File photo of South Korean President Moon Jae-in and US President Donald Trump. Photograph:( Reuters )
US Defense Secretary Jim Mattis and his South Korean counterpart Jeong Kyeong-doo have cancelled the "Vigilant Ace" military exercise that was slated for December, a Pentagon spokeswoman said Friday.
The two officials agreed to suspend the drill to "give the diplomatic process" with Pyongyang "every opportunity to continue," spokeswoman Dana White said in a statement.
"Both ministers are committed to modifying training exercises to ensure the readiness of our forces," the statement read, saying the need for future exercises would continue to be evaluated.
The decision came as Mattis met with Jeong and South Japanese Minister of Defense Takeshi Iwaya on Friday at a security summit in Singapore.
White's statement said Iwaya was "consulted" on the matter. Mattis did not mention the decision when he spoke to reporters after his meetings with Jeong and Iwaya.
Following US President Trump's June meeting with North Korean leader Kim Jong Un, the United States said it would suspend "select" exercises with South Korea, including the large-scale Ulchi Freedom Guardian exercises scheduled for August.
Vigilant Ace is an air exercise aimed at improving coordination between the two armies that takes place every year in early December in South Korea.
Last year, 230 aircraft and some 12,000 US and South Korean troops participated.
In August Mattis had said the Pentagon would "see how the negotiations go, and then we will calculate the future, how we go forward."
US and South Korean forces have been training together for years, and routinely rehearse everything from beach landings to an invasion from the North, or even "decapitation" strikes targeting the North Korean regime.
Last month, the then-nominee to head US and UN forces in South Korea said the pause in drills had been a "prudent risk" to help facilitate a detente on the peninsula.

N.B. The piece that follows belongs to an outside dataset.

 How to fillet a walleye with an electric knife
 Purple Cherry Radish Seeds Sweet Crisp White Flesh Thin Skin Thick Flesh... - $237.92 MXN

But there "was certainly a degradation in the readiness of the force, for the combined forces," General Robert Abrams told the Senate Armed Services Committee at his confirmation hearing. Abrams went on to say that the continued suspension of the drills risked a further erosion in "readiness and capability and interoperability of the combined forces," though he noted officials were working to minimize issues by running smaller scale staff exercises.